:: WHAT TO PRODUCE ::
The records must be retyped exactly, with no pictures included.

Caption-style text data
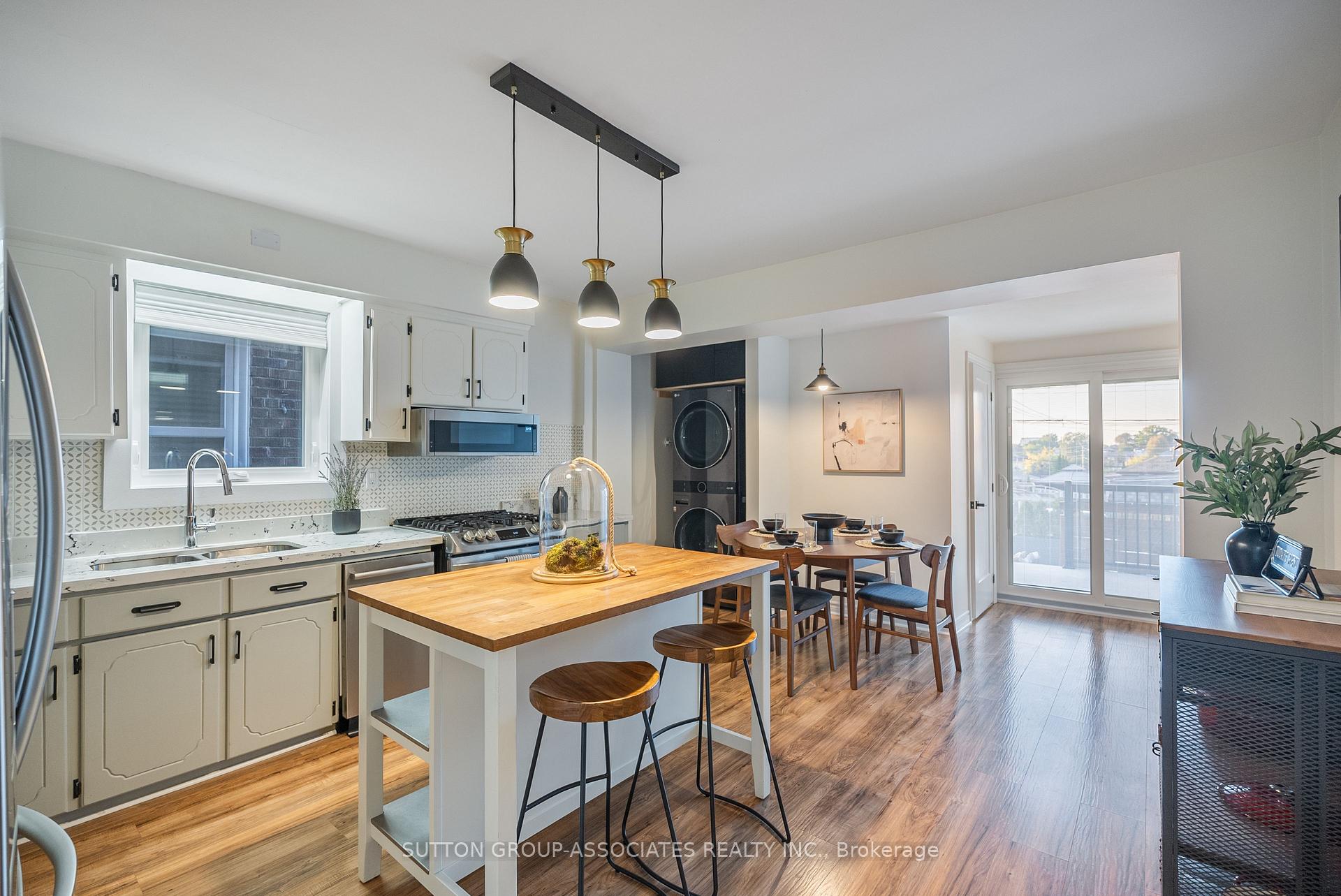 Photo 5 of 10 Innes Avenue, Toronto, Corso Italia-Davenport — HOMEH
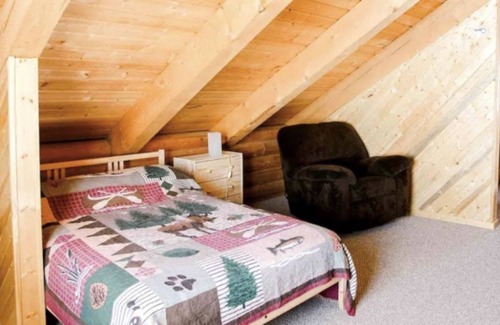 Heber City Cabin | Magical Log Cabin in the Woods. 20 miles from ski resorts. Family Friendly!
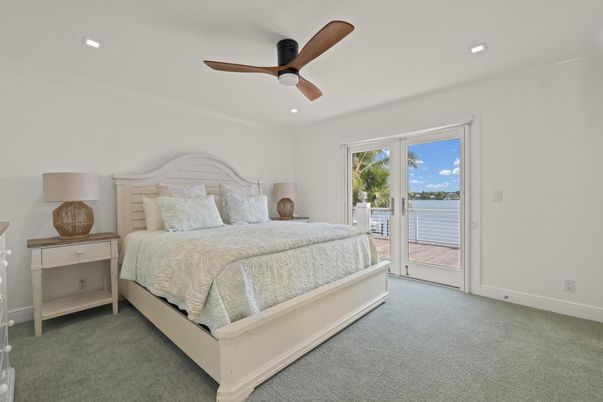 Bedroom, Interior, Recessed Lighting, Water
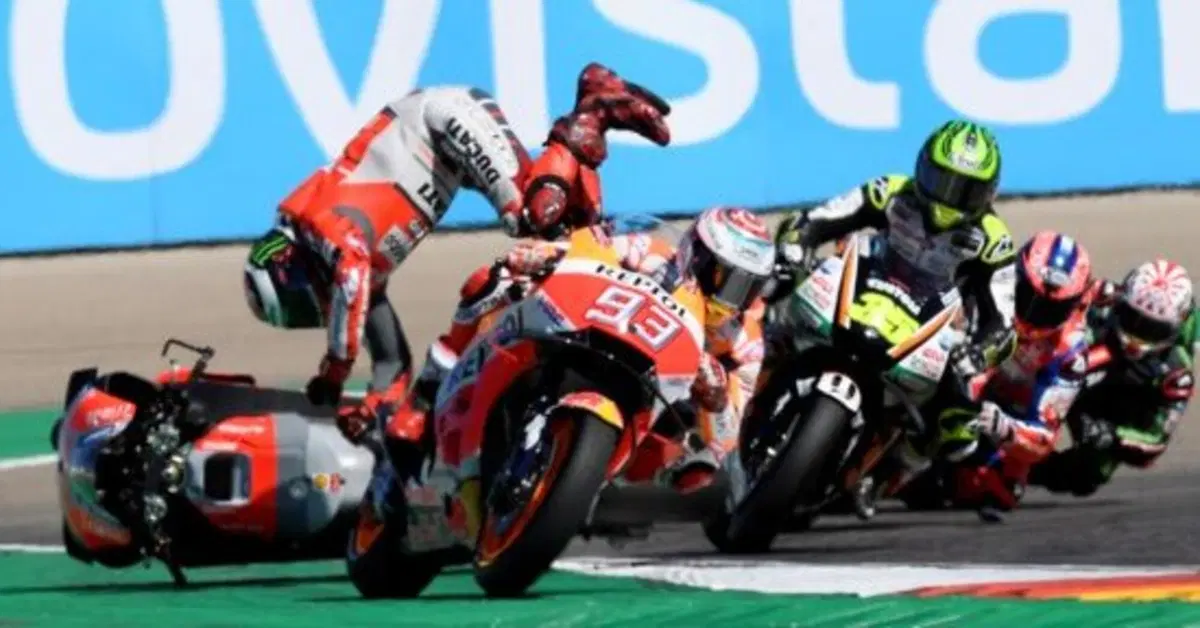MotoGP 2018. Lorenzo: "Sono caduto per colpa di M&aacute;rquez
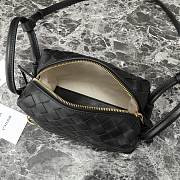 Fortok Bottega Veneta Small Loop Crossbody Bag Black 796615 19x12x9cm - 5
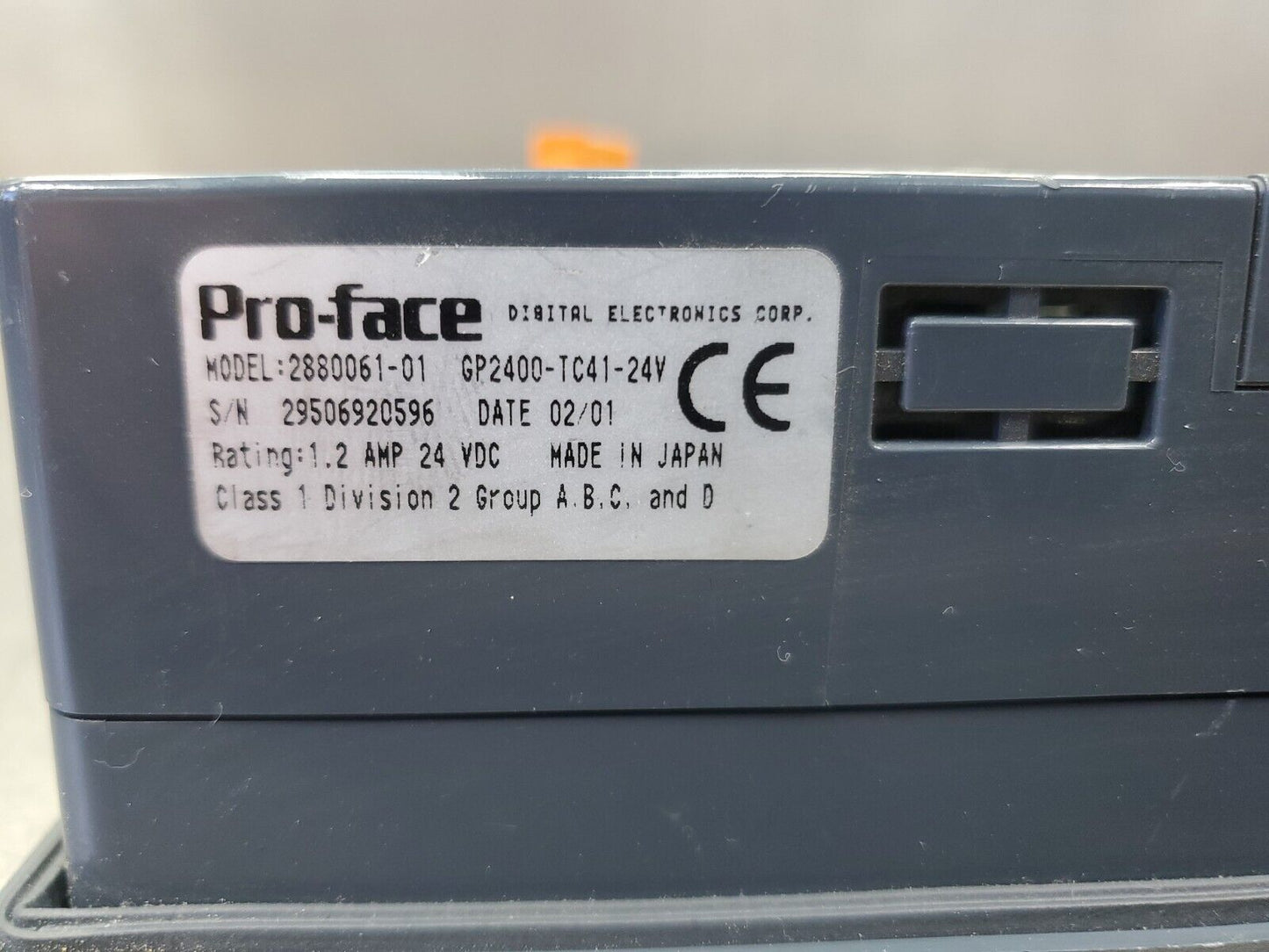 PRO-FACE GP2400-TC41-24V HMI Panel.                                           2E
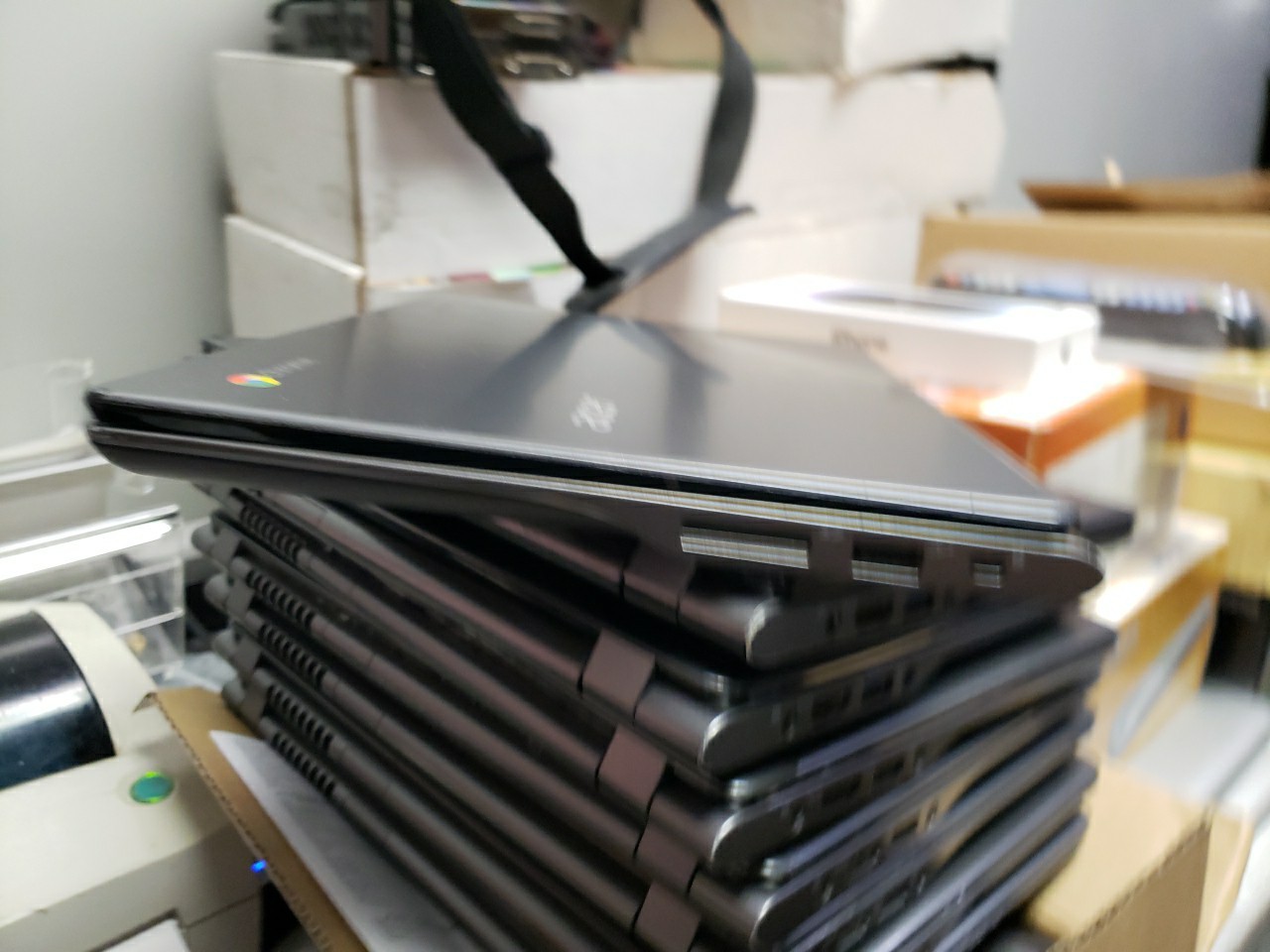 ACER C720 CHROMEBOOK NO CHARGER free ship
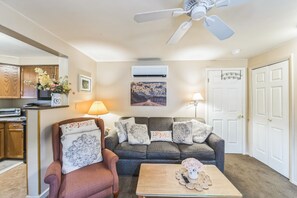 Townhome, 4 Bedrooms | Living area - Twister 68a-i 4 Bedroom Townhouse (North Creek)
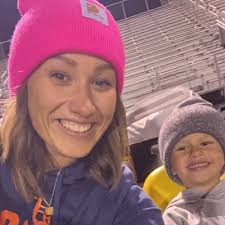 Brittany Zandstra (Berry)(@Bkb1243)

:: EXERCISE RESPONSE ::
 Photo 5 of 10 Innes Avenue, Toronto, Corso Italia-Davenport — HOMEH
 Heber City Cabin | Magical Log Cabin in the Woods. 20 miles from ski resorts. Family Friendly!
 Bedroom, Interior, Recessed Lighting, Water
MotoGP 2018. Lorenzo: "Sono caduto per colpa di M&aacute;rquez
 Fortok Bottega Veneta Small Loop Crossbody Bag Black 796615 19x12x9cm - 5
 PRO-FACE GP2400-TC41-24V HMI Panel.                                           2E
 ACER C720 CHROMEBOOK NO CHARGER free ship
 Townhome, 4 Bedrooms | Living area - Twister 68a-i 4 Bedroom Townhouse (North Creek)
 Brittany Zandstra (Berry)(@Bkb1243)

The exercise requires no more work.